▶ **DATA SEGMENT**
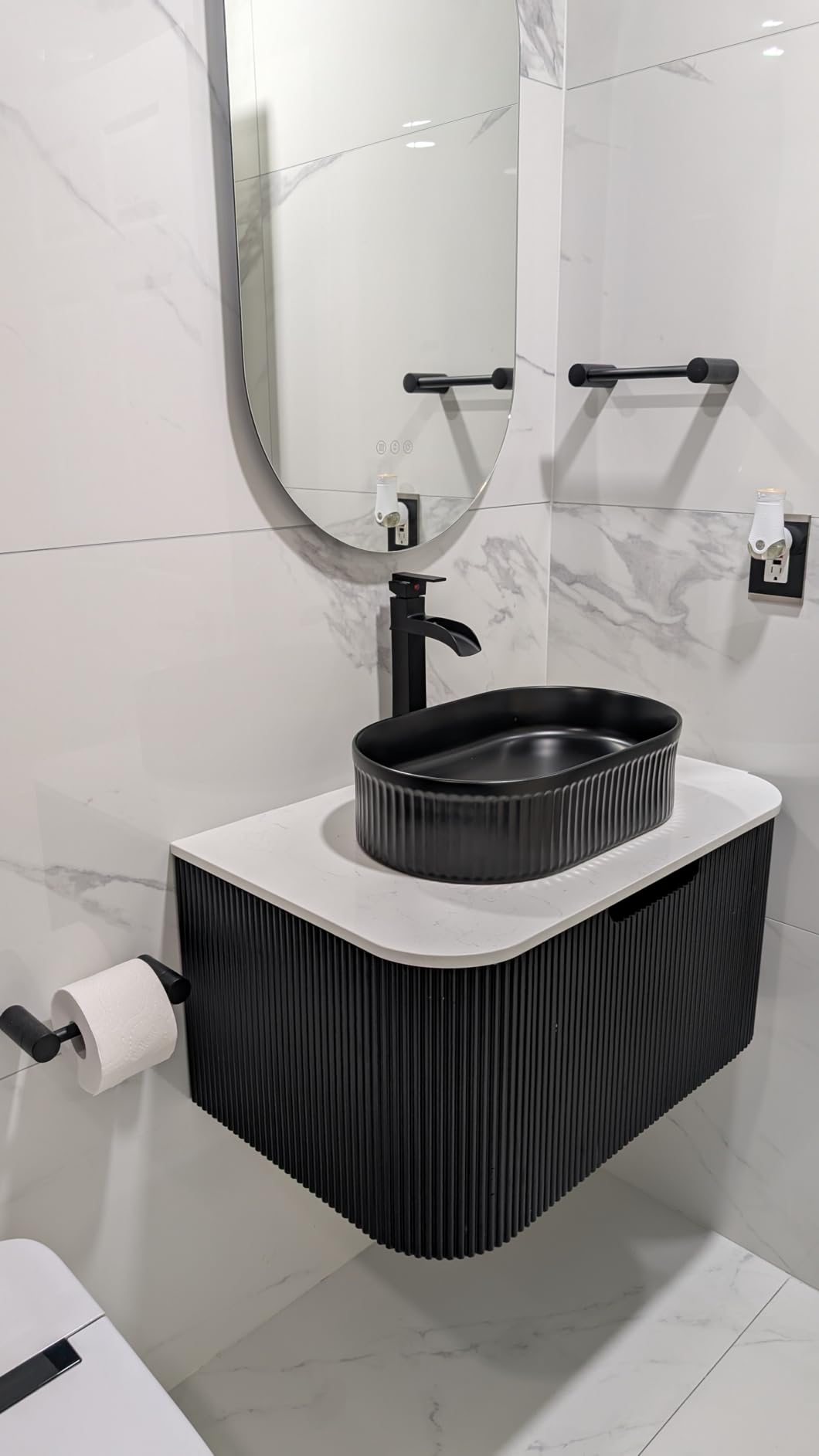 24-Inch Modern Bathroom Vanity with Sink, Floating Cabinet with Ultra-Thin Ceramic Basin and Marble Top, Extra Large Storage Drawer, Soft-Close Design, Nature Wood customer photo 2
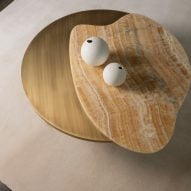 Bodeira coffee table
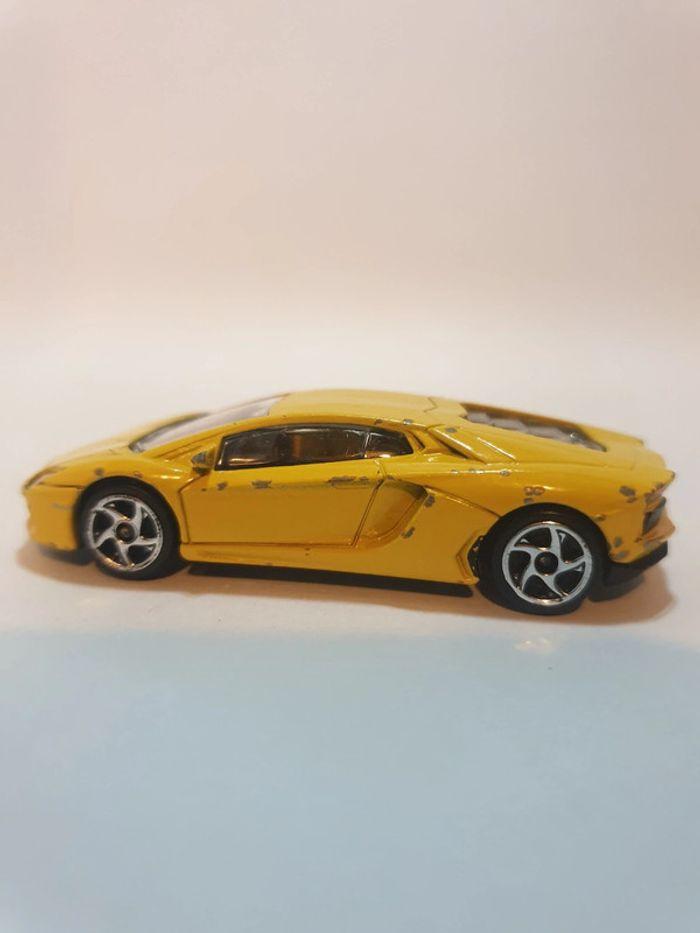 Majorette 219E Lamborghini Aventador jaune - 1/64 - photo numéro 10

▶ **TO DO**
Every line from the one containing "Bodeira coffee table" through the last line of the data is to be retyped exactly, with nothing added and no pictures included.

▶ **RESPONSE TO THE TASK**
 Bodeira coffee table
 Majorette 219E Lamborghini Aventador jaune - 1/64 - photo numéro 10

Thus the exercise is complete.